さらに、カツオ、キビナゴ、マダイ、サバ、イセエビなど、海の幸もとても豊富です。

その中でも、私が一番有名だと思うのはやはり焼酎です。
鹿児島のさつまいもを使った焼酎は種類がとても多く、味や香りの幅も広いので飲み比べがとても楽しいです。
そして、地元では価格も手頃なので、お酒好きにとってはまさに夢の街だと思います。
それが、私が鹿児島を何度も訪れる理由でもあります。
美味しい料理と、数えきれないほどの焼酎。

鹿児島には焼酎バーがたくさんあります。
「焼酎バー」と名乗らない普通の食堂でも、数十種類の焼酎を置いているのが普通です。
だから、焼酎バーを掲げる店になると、何百種類、場合によっては千種類を超える焼酎を揃えています。
その中で、私のお気に入りのひとつ。
地元の人が多くて、雰囲気がカジュアルな焼酎バーを紹介します。
今回の旅でもまた訪れて、店主に挨拶をしました。
(店主は私のことを覚えていませんでしたが、勝手に挨拶をしました。笑)
そして、いくつかの焼酎を楽しみました。

天文館の文化通りのすぐ横にある焼酎バー「酒々蔵」です。
「バー」なのに、料理のメニューがとても豊富です。
軽い夕食をとりながら一杯飲むこともできます。
でも私は、いつも他の店でしっかり食べてから立ち寄るので、
つまみにはえいひれを頼むことが多いです。
えいひれはエイのヒレを干して軽く炙ったもので、
韓国のスルメやちょっとした乾き物のような存在です。

最初の一杯は、いつも「香り系」の焼酎をソーダ割りでおすすめしてもらいます。
「香り系」とは、香りを重視したモダンな焼酎のトレンドのことです。
その始まりは、国分酒造の「安田」と言われています。
さつまいもだけで造られているのに、フルーツや花、ハーブのような香りが広がります。
だからソーダ割りにすると、軽くて香り高い一杯になるのです。
最近ではコンビニでも、焼酎ソーダ割りの缶を見かけるようになりました。

二杯目は「薩摩茶屋 かめ仕込み」をすすめてもらいました。
一杯目がモダン系だったので、次はクラシックな一本をお願いしました。
この焼酎は、3Mのひとつ「村尾」を造っている蔵の焼酎です。
村尾がフラッグシップだとすれば、薩摩茶屋はその弟分といえる存在です。
やはり期待どおり、深くて力強い味わいでした。
まさに伝統の重みを感じる一本。

次にすすめてもらったのは、「一番雫 The 1st drip」です。
重めの焼酎のあとに飲むと、すっきりとした爽やかさが際立ちます。
当時のテイスティングノートには「露のよう」と書いていました。
名前からして「最初の一滴」なのだと思いますが、詳しい情報は確認できませんでした。

新しい焼酎をいくつか試したあと、
久しぶりに馴染みのある一本を飲むことにしました。
それが「佐藤黒」です。
焼酎の頂点に3M(森伊蔵・村尾・魔王)があるとすれば、
そのすぐ下に「1M 1S」というグループがあります。
この五つをまとめて「4M 1S」と呼ぶこともあるそうですが、
実際にそう言っている人には会ったことがありません。

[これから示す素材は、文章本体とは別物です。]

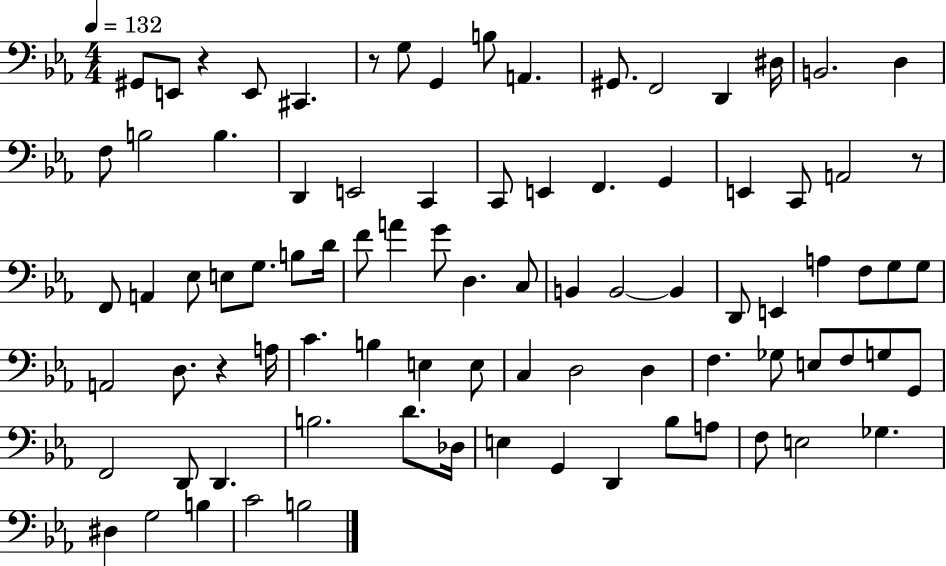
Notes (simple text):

G#2/e E2/e R/q E2/e C#2/q. R/e G3/e G2/q B3/e A2/q. G#2/e. F2/h D2/q D#3/s B2/h. D3/q F3/e B3/h B3/q. D2/q E2/h C2/q C2/e E2/q F2/q. G2/q E2/q C2/e A2/h R/e F2/e A2/q Eb3/e E3/e G3/e. B3/e D4/s F4/e A4/q G4/e D3/q. C3/e B2/q B2/h B2/q D2/e E2/q A3/q F3/e G3/e G3/e A2/h D3/e. R/q A3/s C4/q. B3/q E3/q E3/e C3/q D3/h D3/q F3/q. Gb3/e E3/e F3/e G3/e G2/e F2/h D2/e D2/q. B3/h. D4/e. Db3/s E3/q G2/q D2/q Bb3/e A3/e F3/e E3/h Gb3/q. D#3/q G3/h B3/q C4/h B3/h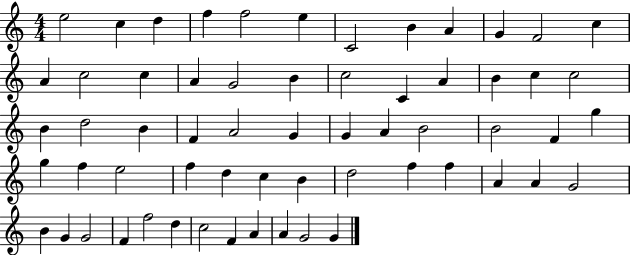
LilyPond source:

{
  \clef treble
  \numericTimeSignature
  \time 4/4
  \key c \major
  e''2 c''4 d''4 | f''4 f''2 e''4 | c'2 b'4 a'4 | g'4 f'2 c''4 | \break a'4 c''2 c''4 | a'4 g'2 b'4 | c''2 c'4 a'4 | b'4 c''4 c''2 | \break b'4 d''2 b'4 | f'4 a'2 g'4 | g'4 a'4 b'2 | b'2 f'4 g''4 | \break g''4 f''4 e''2 | f''4 d''4 c''4 b'4 | d''2 f''4 f''4 | a'4 a'4 g'2 | \break b'4 g'4 g'2 | f'4 f''2 d''4 | c''2 f'4 a'4 | a'4 g'2 g'4 | \break \bar "|."
}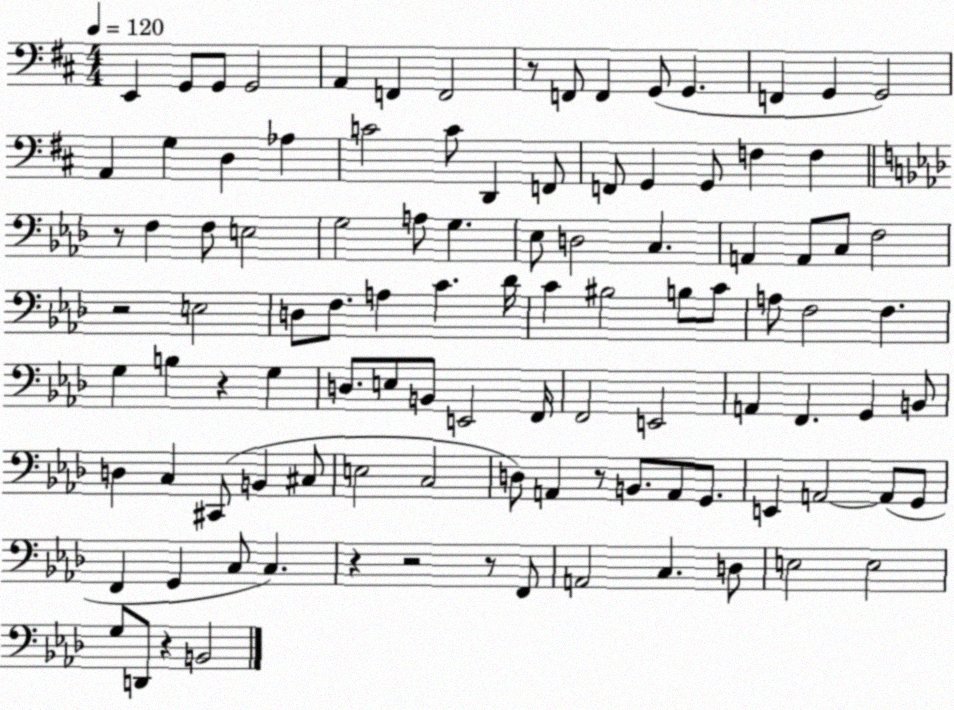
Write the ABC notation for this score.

X:1
T:Untitled
M:4/4
L:1/4
K:D
E,, G,,/2 G,,/2 G,,2 A,, F,, F,,2 z/2 F,,/2 F,, G,,/2 G,, F,, G,, G,,2 A,, G, D, _A, C2 C/2 D,, F,,/2 F,,/2 G,, G,,/2 F, F, z/2 F, F,/2 E,2 G,2 A,/2 G, _E,/2 D,2 C, A,, A,,/2 C,/2 F,2 z2 E,2 D,/2 F,/2 A, C _D/4 C ^B,2 B,/2 C/2 A,/2 F,2 F, G, B, z G, D,/2 E,/2 B,,/2 E,,2 F,,/4 F,,2 E,,2 A,, F,, G,, B,,/2 D, C, ^C,,/2 B,, ^C,/2 E,2 C,2 D,/2 A,, z/2 B,,/2 A,,/2 G,,/2 E,, A,,2 A,,/2 G,,/2 F,, G,, C,/2 C, z z2 z/2 F,,/2 A,,2 C, D,/2 E,2 E,2 G,/2 D,,/2 z B,,2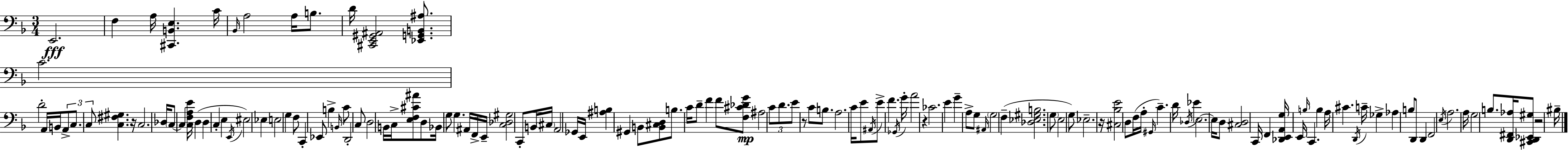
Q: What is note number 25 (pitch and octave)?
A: E2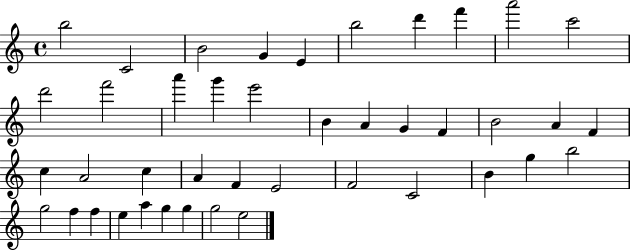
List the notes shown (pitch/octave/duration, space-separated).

B5/h C4/h B4/h G4/q E4/q B5/h D6/q F6/q A6/h C6/h D6/h F6/h A6/q G6/q E6/h B4/q A4/q G4/q F4/q B4/h A4/q F4/q C5/q A4/h C5/q A4/q F4/q E4/h F4/h C4/h B4/q G5/q B5/h G5/h F5/q F5/q E5/q A5/q G5/q G5/q G5/h E5/h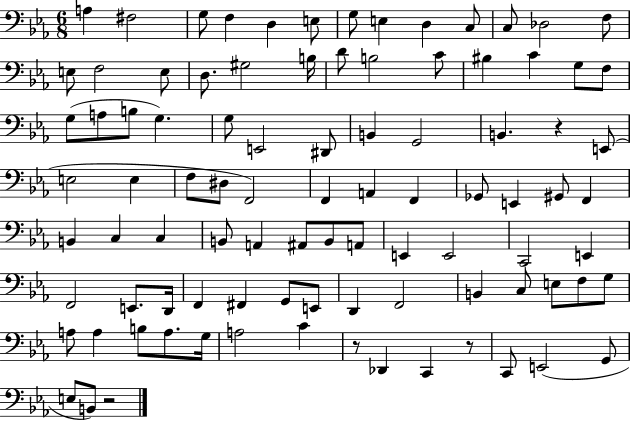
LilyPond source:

{
  \clef bass
  \numericTimeSignature
  \time 6/8
  \key ees \major
  a4 fis2 | g8 f4 d4 e8 | g8 e4 d4 c8 | c8 des2 f8 | \break e8 f2 e8 | d8. gis2 b16 | d'8 b2 c'8 | bis4 c'4 g8 f8 | \break g8( a8 b8 g4.) | g8 e,2 dis,8 | b,4 g,2 | b,4. r4 e,8( | \break e2 e4 | f8 dis8 f,2) | f,4 a,4 f,4 | ges,8 e,4 gis,8 f,4 | \break b,4 c4 c4 | b,8 a,4 ais,8 b,8 a,8 | e,4 e,2 | c,2 e,4 | \break f,2 e,8. d,16 | f,4 fis,4 g,8 e,8 | d,4 f,2 | b,4 c8 e8 f8 g8 | \break a8 a4 b8 a8. g16 | a2 c'4 | r8 des,4 c,4 r8 | c,8 e,2( g,8 | \break e8 b,8) r2 | \bar "|."
}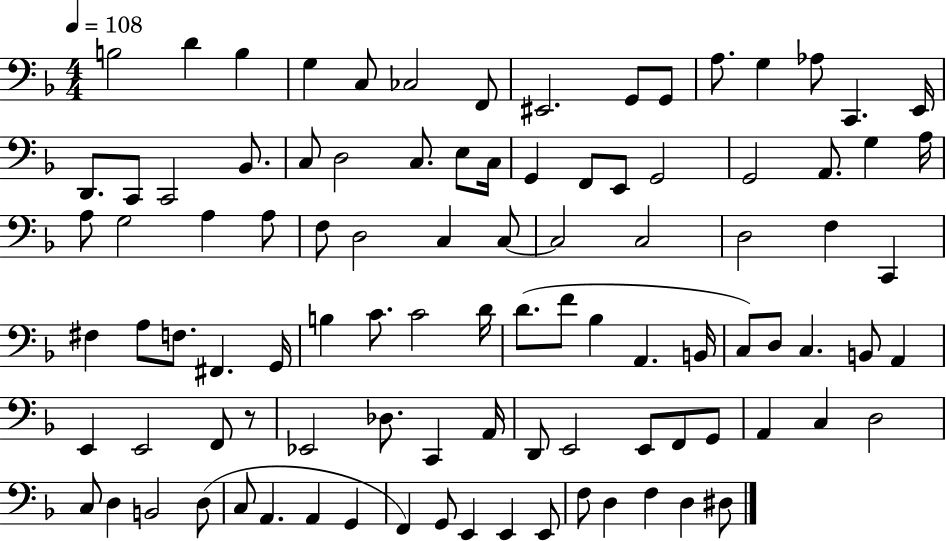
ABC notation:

X:1
T:Untitled
M:4/4
L:1/4
K:F
B,2 D B, G, C,/2 _C,2 F,,/2 ^E,,2 G,,/2 G,,/2 A,/2 G, _A,/2 C,, E,,/4 D,,/2 C,,/2 C,,2 _B,,/2 C,/2 D,2 C,/2 E,/2 C,/4 G,, F,,/2 E,,/2 G,,2 G,,2 A,,/2 G, A,/4 A,/2 G,2 A, A,/2 F,/2 D,2 C, C,/2 C,2 C,2 D,2 F, C,, ^F, A,/2 F,/2 ^F,, G,,/4 B, C/2 C2 D/4 D/2 F/2 _B, A,, B,,/4 C,/2 D,/2 C, B,,/2 A,, E,, E,,2 F,,/2 z/2 _E,,2 _D,/2 C,, A,,/4 D,,/2 E,,2 E,,/2 F,,/2 G,,/2 A,, C, D,2 C,/2 D, B,,2 D,/2 C,/2 A,, A,, G,, F,, G,,/2 E,, E,, E,,/2 F,/2 D, F, D, ^D,/2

笑
その「S」が、この「佐藤」です。
ひと口飲めば、そのクオリティの高さがすぐにわかります。
重なり合う香りと味わい、そのバランス。
本当に素晴らしい焼酎です。
このクラスの焼酎は、普通の酒屋ではなかなか見つかりませんが、
運よく鹿児島の店で見つけたので、一本購入しました。

最後の一杯は、私を本格的に焼酎の世界へ導いてくれた、
香り系焼酎の先駆者「安田」をソーダ割りで。
うーん、5〜6年前に初めて飲んだ時とは少し印象が違います。
あの時は本当に衝撃でした。
「こんな焼酎があるのか?」「こんな香りがするのか?」
そんな感動でした。
でも今では香り系焼酎が全国的に増えて、
まさに“戦国時代”のような多様な時代になったので、
安田を飲んでも以前ほどの驚きはありません。
それでも、安田から立ちのぼる花とハーブの香りは、やはり魅力的です。
その一杯を飲み終えて、店を出ました。
私はお酒が好きで焼酎も大好きですが、
四、五杯を超えると酔ってきて、香りの違いがわからなくなってしまいます。
あ……でも、だからといってホテルに直行したわけではありません。笑

韓国のおじさん、zzoosでした。